Consider the system of linear equations $$x + y + z = 5$$, $$x + 2y + \lambda^2 z = 9$$ and $$x + 3y + \lambda z = \mu$$, where $$\lambda, \mu \in R$$. Then, which of the following statement is NOT correct?

System: $$x + y + z = 5$$, $$x + 2y + \lambda^2 z = 9$$, $$x + 3y + \lambda z = \mu$$.

Determinant: $$D = \begin{vmatrix} 1&1&1\\1&2&\lambda^2\\1&3&\lambda\end{vmatrix} = 1(2\lambda-3\lambda^2) - 1(\lambda-\lambda^2) + 1(3-2) = 2\lambda-3\lambda^2-\lambda+\lambda^2+1 = -2\lambda^2+\lambda+1 = -(2\lambda^2-\lambda-1) = -(2\lambda+1)(\lambda-1)$$

$$D = 0$$ when $$\lambda = 1$$ or $$\lambda = -1/2$$.

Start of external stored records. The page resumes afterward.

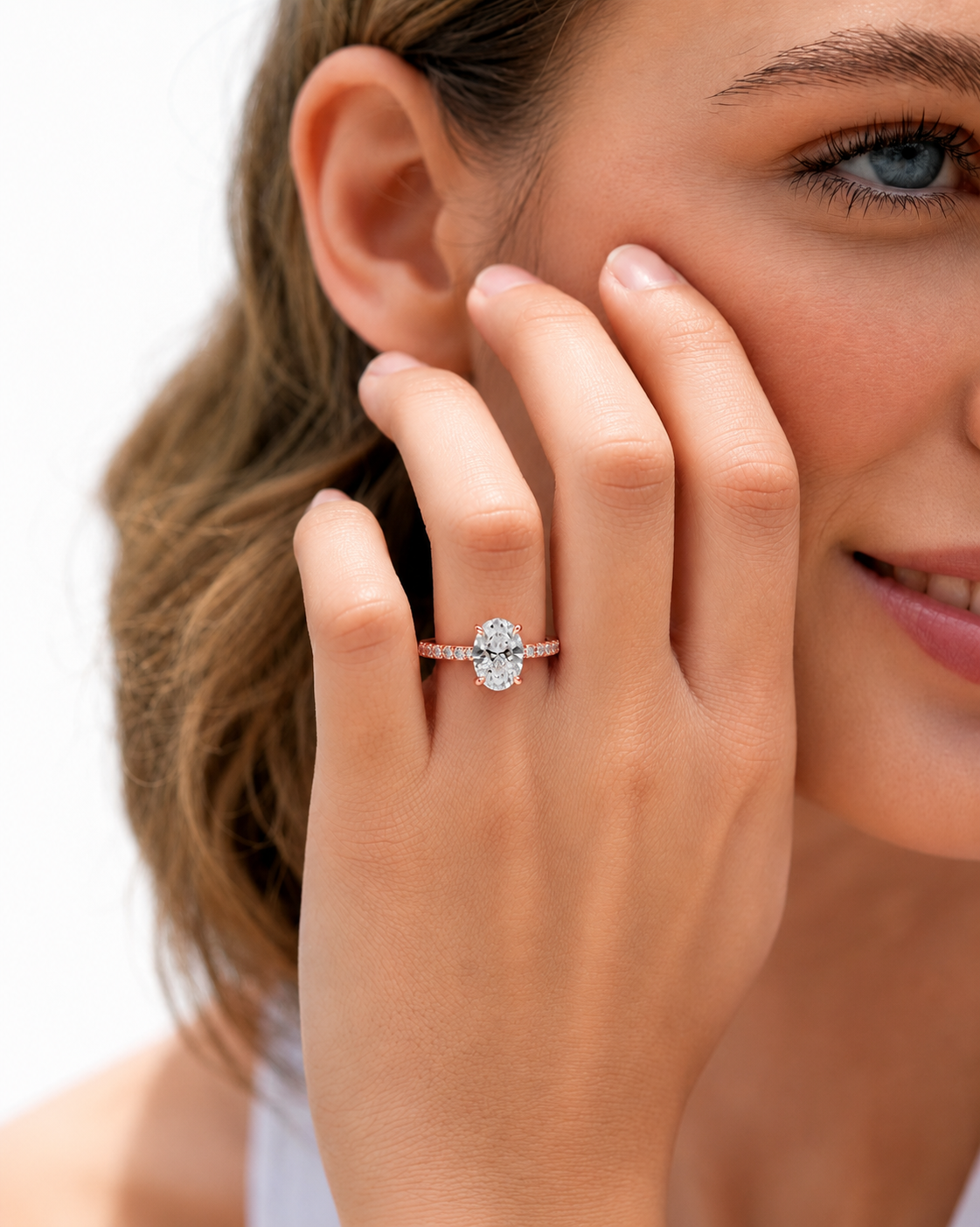 color_10K_RG, color_14K_RG &&	A close-up lifestyle shot of a woman wearing a rose gold engagement ring with a round-cut diamond center stone and small side stones on her finger.
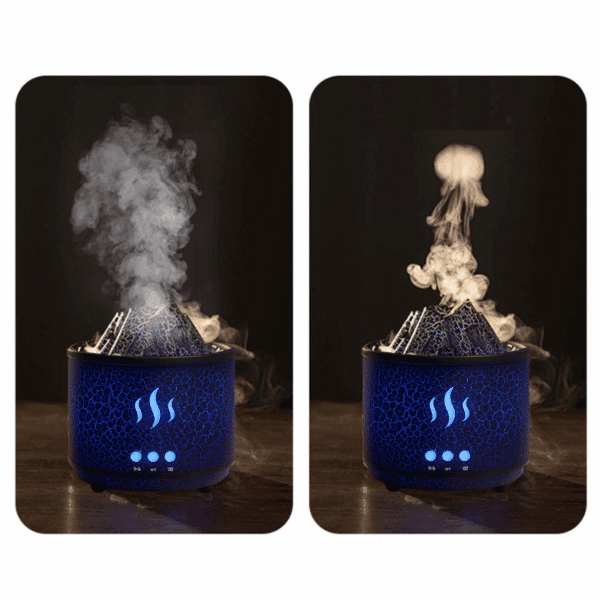 Modrý difuzér s motivem sopky, který vytváří barevný mlžný efekt s intenzivním kouřem ve tvaru sloupu, ilustrující atmosféru aromaTerapie.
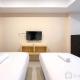 Simply Look Studio at 21st Floor De Prima Apartment By Travelio, Medan - Foto 2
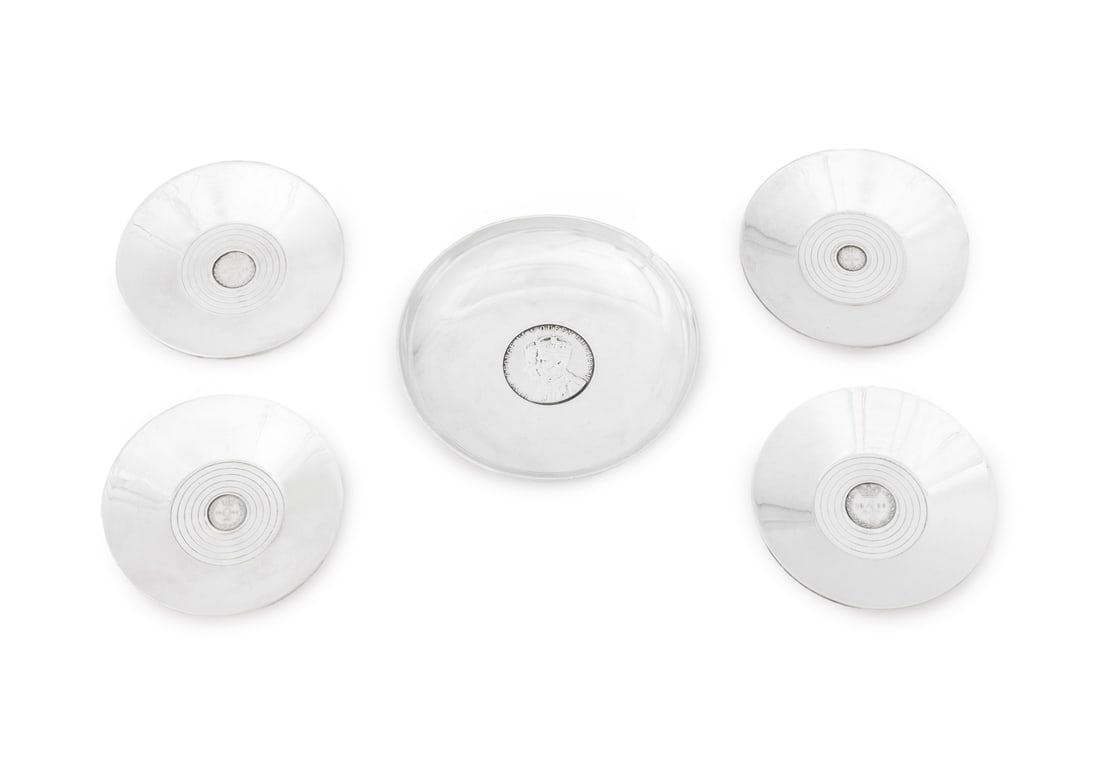 George V Sterling Silver Coin Inset Dishes, 5: Collection of Five George V Sterling Silver Coin Inset Dishes, comprising: set of four with pence coins to center, struck with marks for Mappin & Webb, Birmingham, 1935 to the underside and one with K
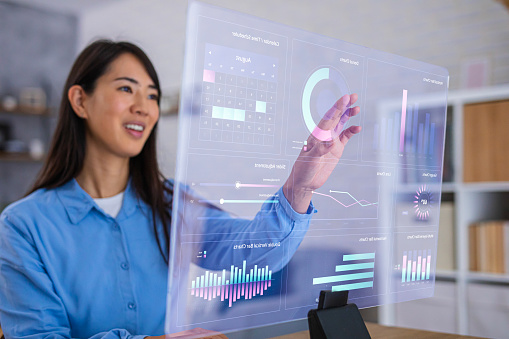 A team member interacting with a translucent dashboard of charts and metrics
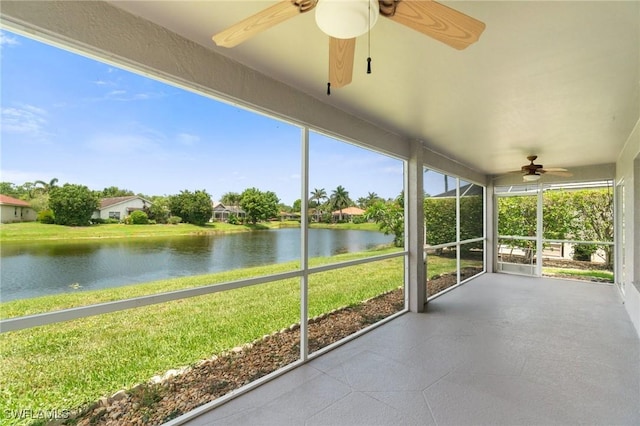 25941 Pebblecreek Dr, Bonita Springs, FL 34135 - unfurnished sunroom with ceiling fan and a water view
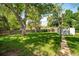 Lush backyard with expansive green space, mature trees, storage shed and wooden fence at 2571 S Birch St, Denver, CO 80222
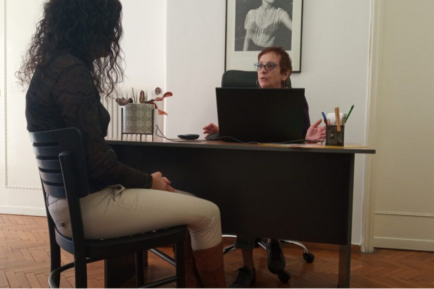 two women are talking, one sitting behind a computer desk and the other on the other side of the desk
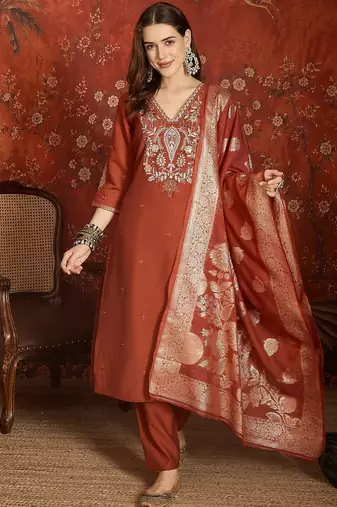Rust cotton embroidered kurta set.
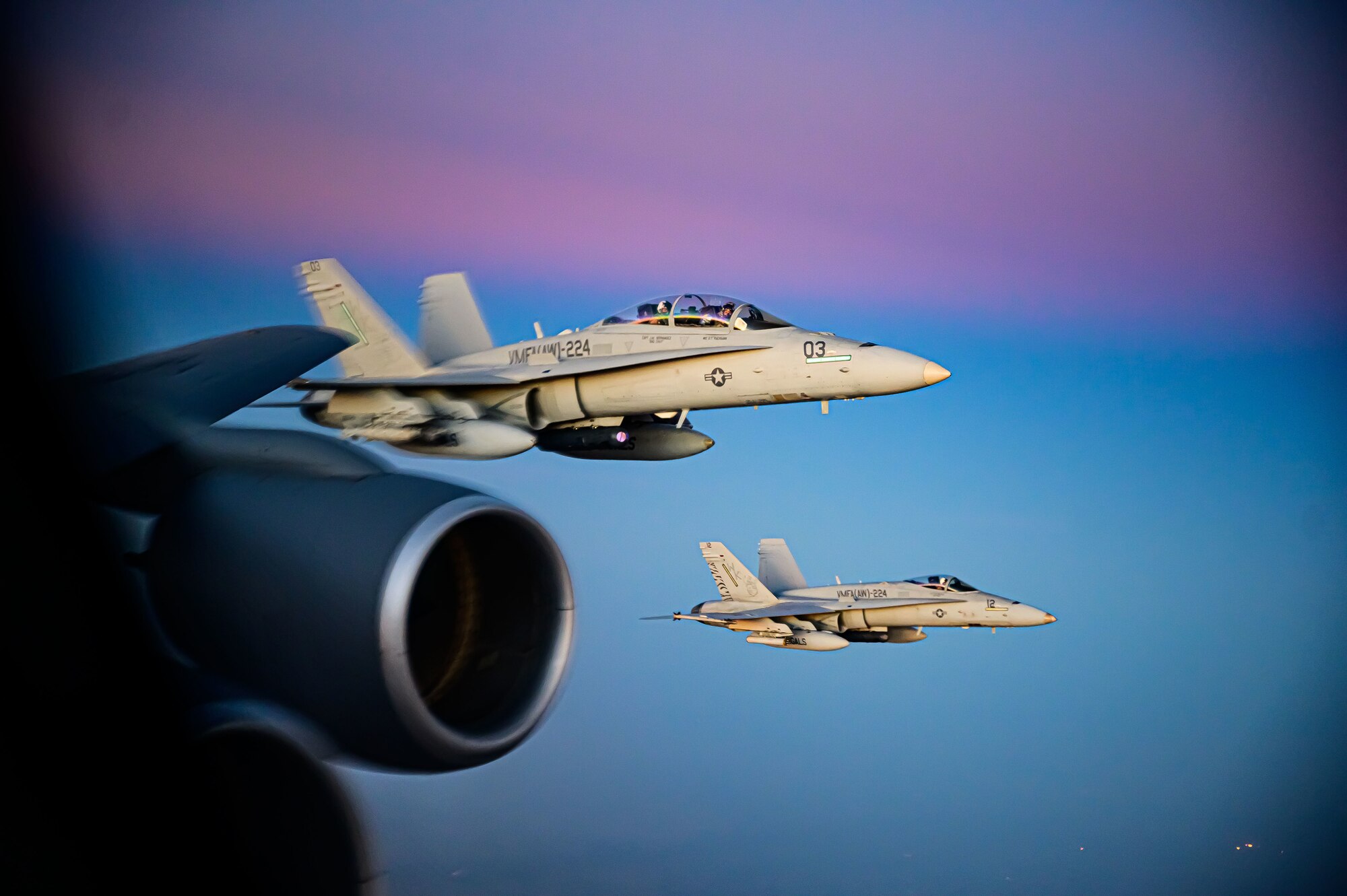 Two U.S. Marine Corp F/A-18D Hornet aircraft fly alongside a U.S. Air Force KC-135 Stratotanker aircraft during a mission supporting a dynamic force employment, May 18, 2021. Dynamic operations and force employment in the theater highlight the U.S. military’s ability to deploy and employ forces anywhere around the globe. (U.S. Air Force photo by Tech. Sgt. Robert Harnden)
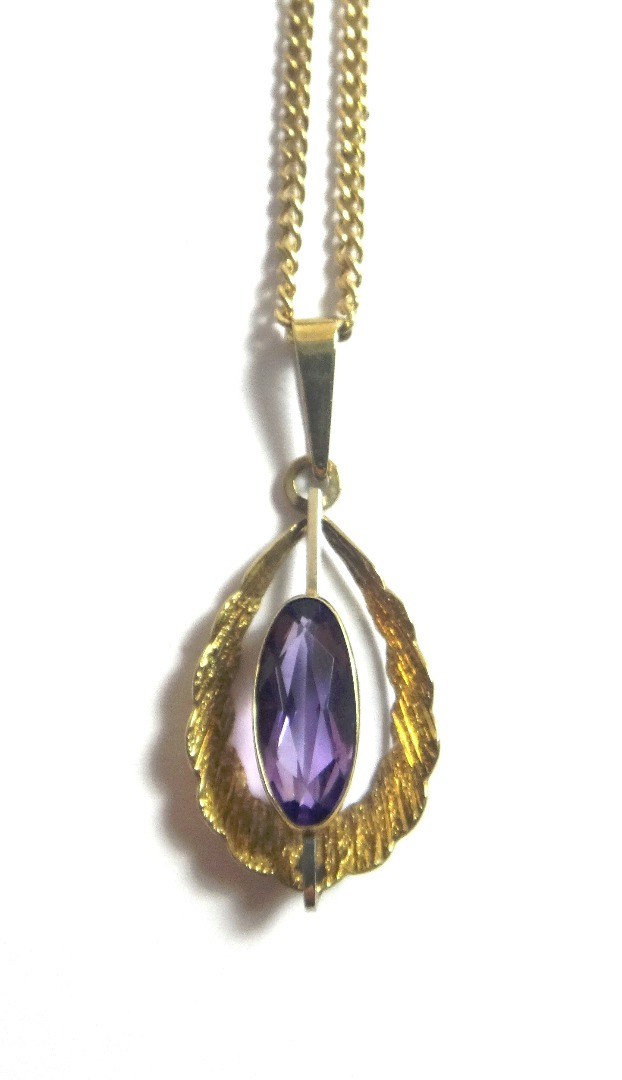 Appraisal: A ct gold and amethyst set single stone pendant mounted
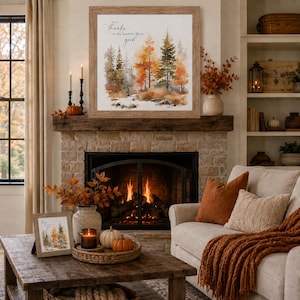 May include: A square wall art piece in a light wood frame featuring a watercolor forest scene with orange, yellow, and green trees and the text "Give thanks to the Lord for He is good" printed in black script at the top center of the white background.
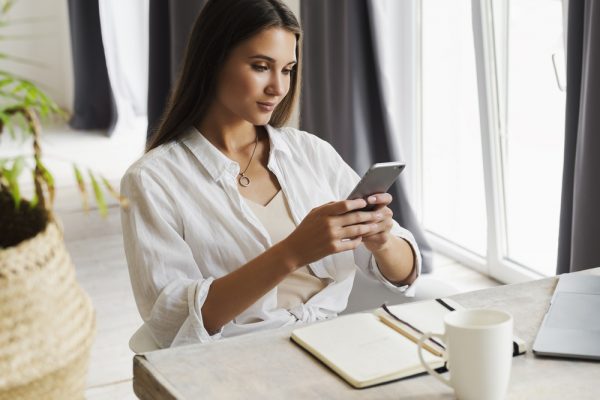 Attractive business woman sits at table in front of laptop and talks on mobile phone, negotiates on the phone. Attractive business woman sits at table in front of laptop and talks on mobile phone, negotiates on the phone. Beautiful brunette girl uses gadgets for work. Online training, remote work from home
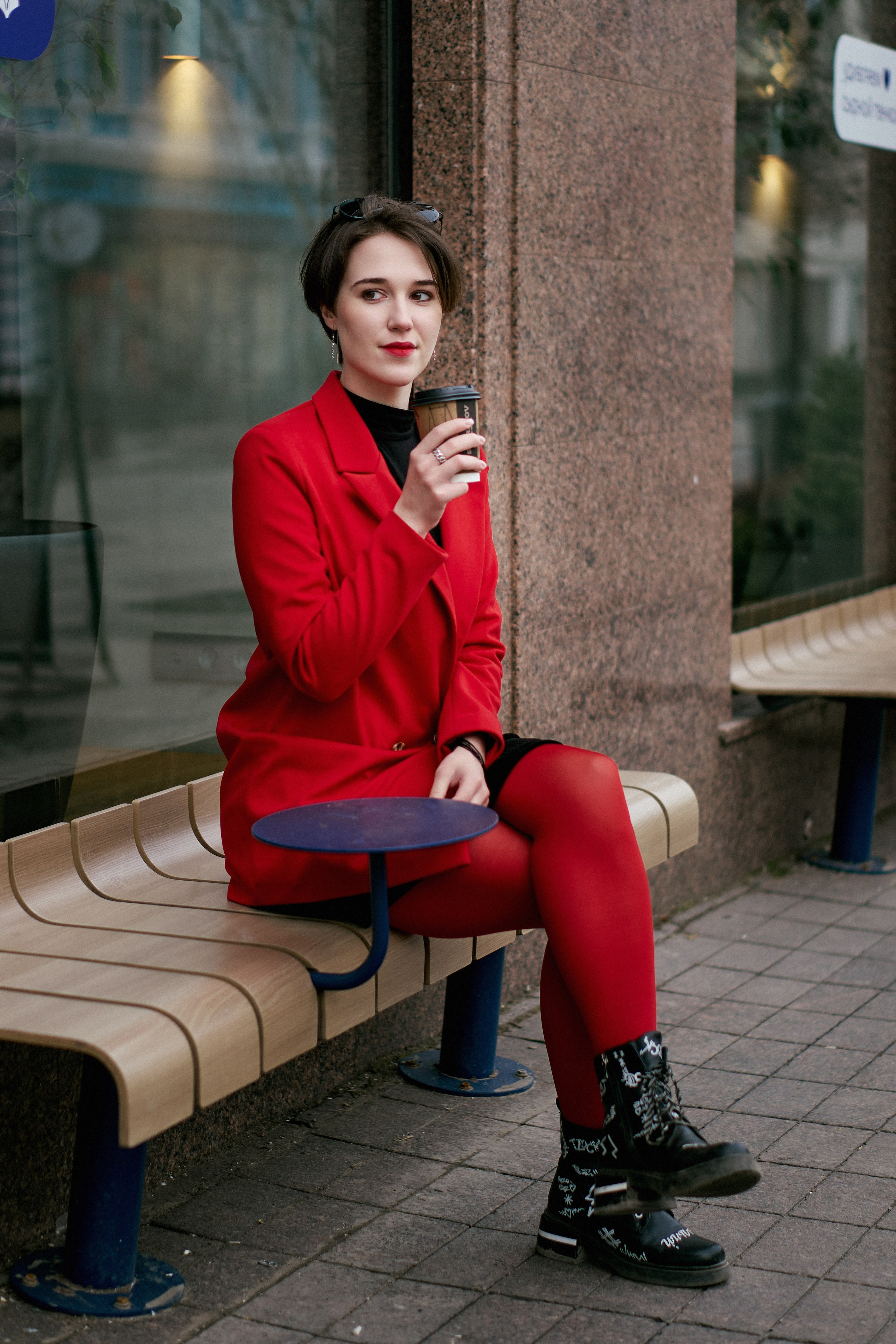 Девушка в красном пиджаке сидит у кафе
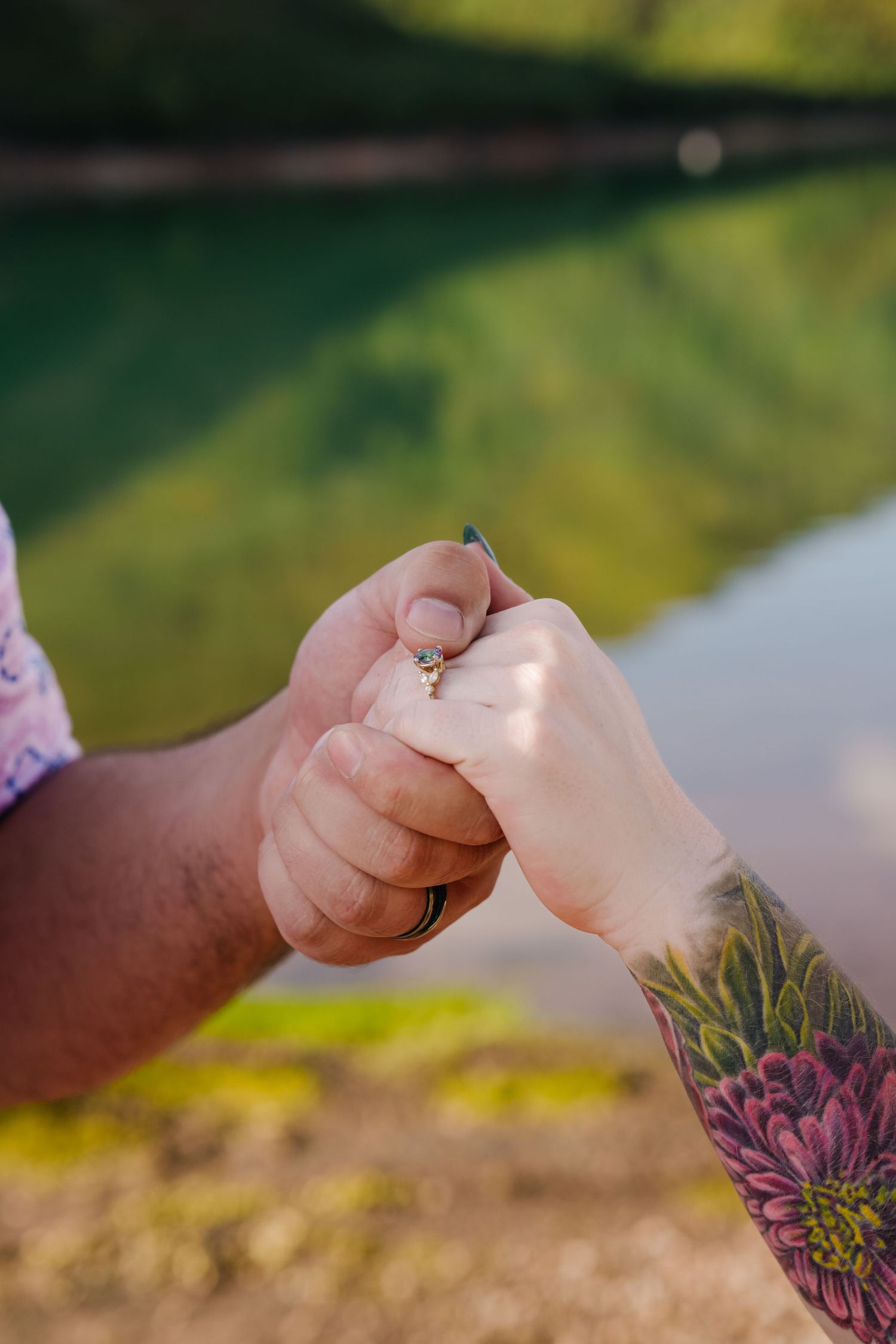 Close-up of hands with tattoos holding each other against a blurred nature background.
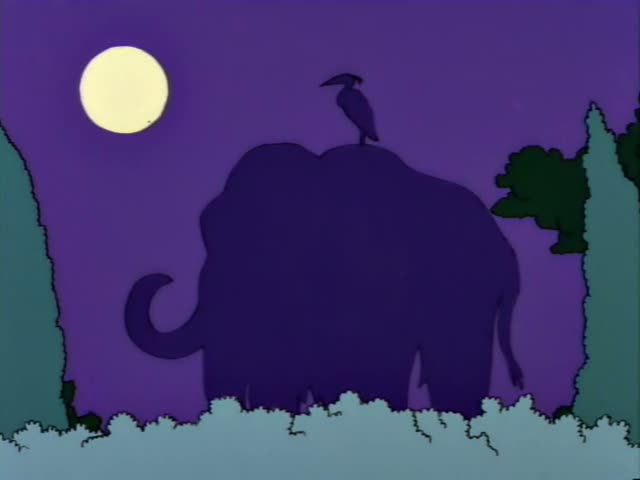 Bart Simpson runs past dark hedges at night and then stands staring up at a pale blue sculpture of a mammoth on a brown…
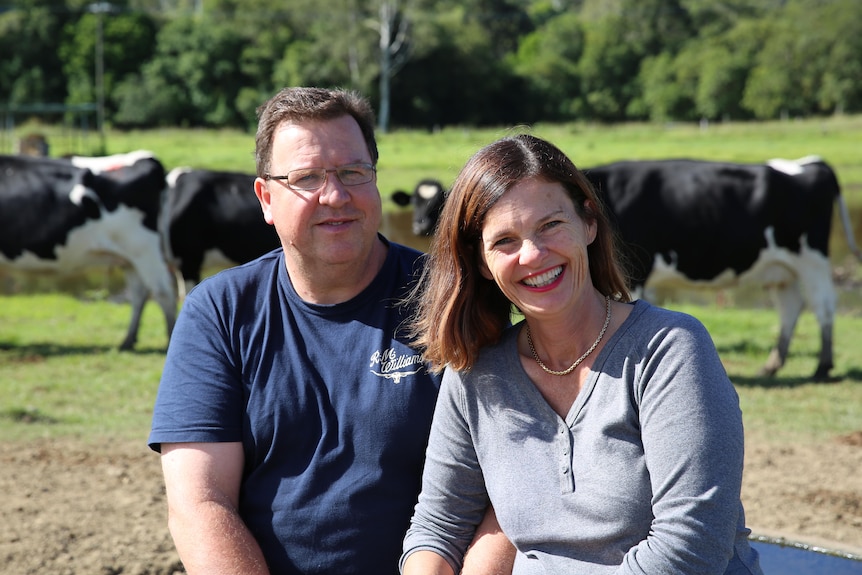 A couple smile at the camera with dairy cows behind hem.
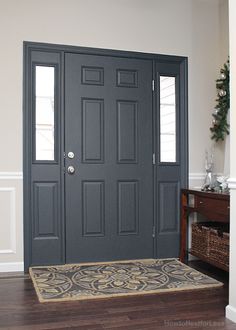 the front door is painted dark gray and has two sidelights on each side, along with a rug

Option (3): "System has unique solution if $$\lambda \neq 1$$ and $$\mu \neq 13$$." But $$D = 0$$ also when $$\lambda = -1/2$$, not just $$\lambda = 1$$. So for unique solution we need $$\lambda \neq 1$$ AND $$\lambda \neq -1/2$$. The statement ignores $$\lambda = -1/2$$ case.

This statement is NOT correct — if $$\lambda = -1/2$$ and $$\mu \neq 13$$, $$D = 0$$ so no unique solution.

The answer is Option (3): The statement that is NOT correct.